L’esprit de continuité des Japonais est fortement marqué et constitue une clef essentielle de compréhension. (…)

Seulement représenté par les successeurs, l’esprit du fondateur doit être maintenu et respecté, dans le droit fil de la lignée créée.
En France, il est fréquent que le nouveau dirigeant piaffe d’impatience de pouvoir enfin apporter sa marque propre. Pour mieux exister, il cherche à effacer les traces, d’autant plus d’ailleurs qu’elles sont profondes et manifestes.

Au Japon il en va tout autrement et le successeur ne cherche pas avant tout à affirmer son identité.
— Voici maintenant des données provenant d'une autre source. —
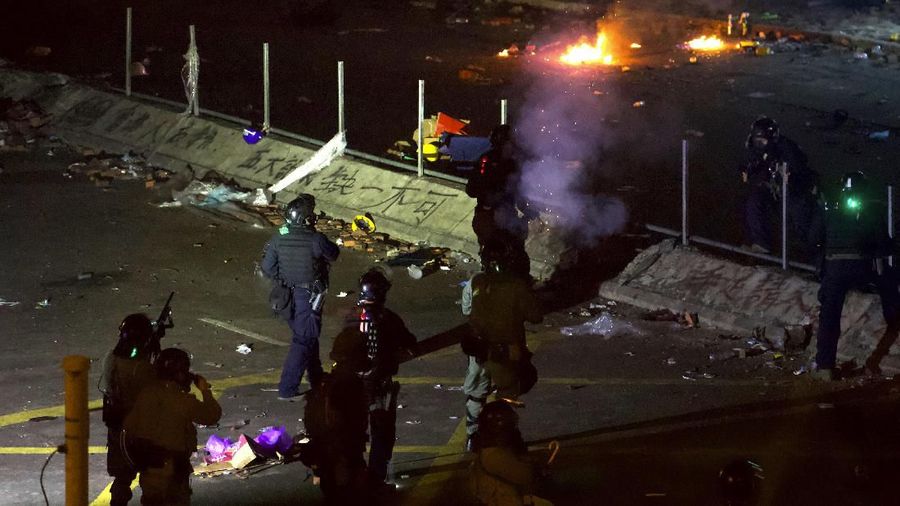 Polisi menembaki Universitas Politeknik Hongkong pada Senin (18/11/2019) pagi. Kampus tersebut sebelumnya dikuasai oleh para demonstran sepanjang Minggu malam.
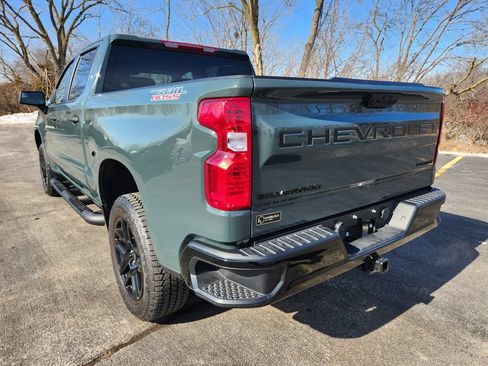 New 2025 Chevrolet Silverado 1500 Custom Trail Boss w/ Turbomax Blackout Package AWD/4WD image 4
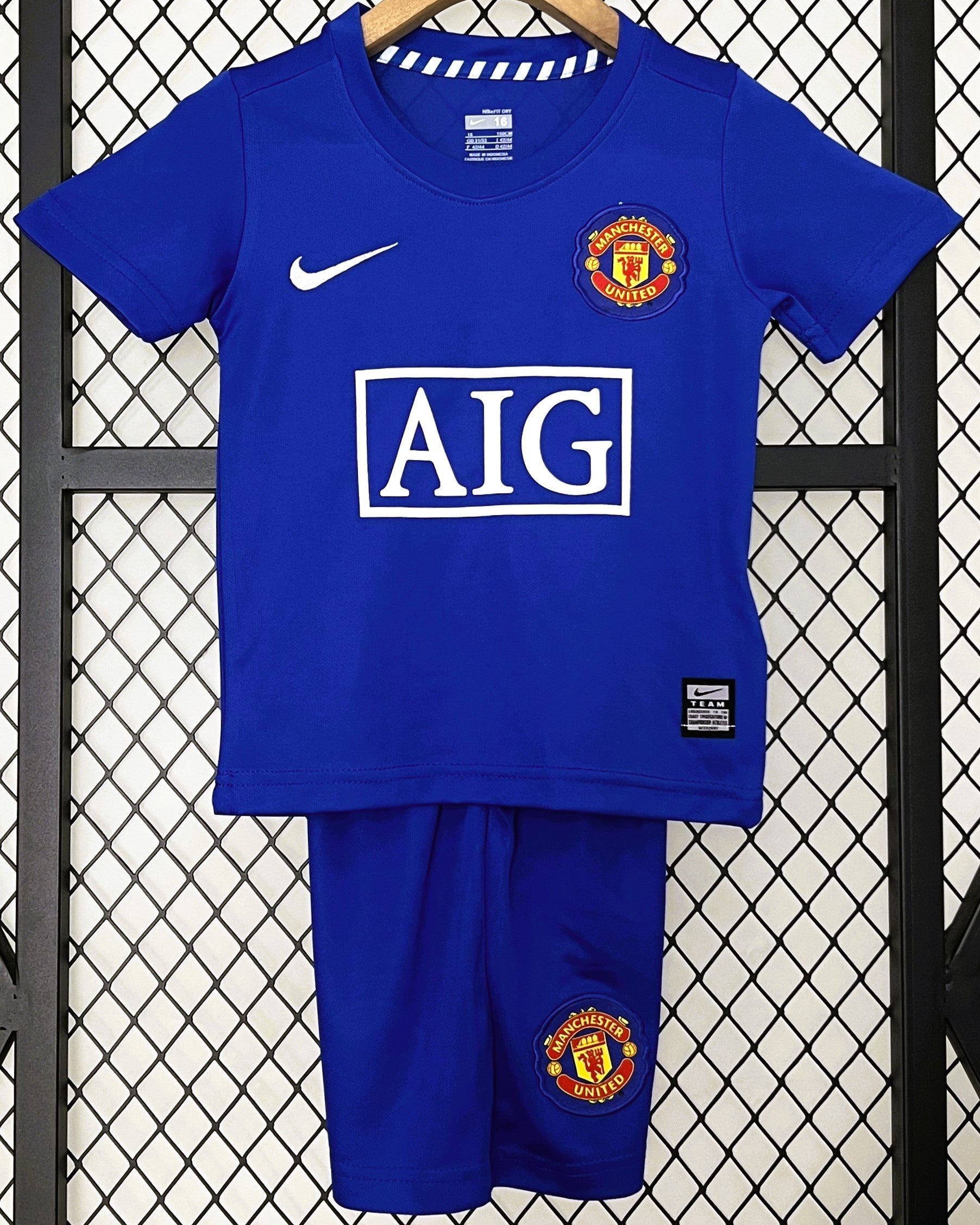 MANCHESTER UNITED kid kit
Selon les termes de Miura, il ne fait pas acte d’expression, mais se dissimule à l’intérieur de ce qui est déjà construit, de ce qui est déjà en place… il se moule dans l’acquis. Ainsi, celui qui suit se doit de respecter ce qui a présidé à la création de l’entreprise dont il hérite. (…)

Rien ne peut pousser sans racines et l’énergie vitale et nourricière qui est à l’origine de la construction et du développement doit être remerciée et arrosée quotidiennement.
Il ne faut surtout pas rompre le fil ou déraciner l’arbre, car il s’agit d’une perte du sens, pénalisante pour tous.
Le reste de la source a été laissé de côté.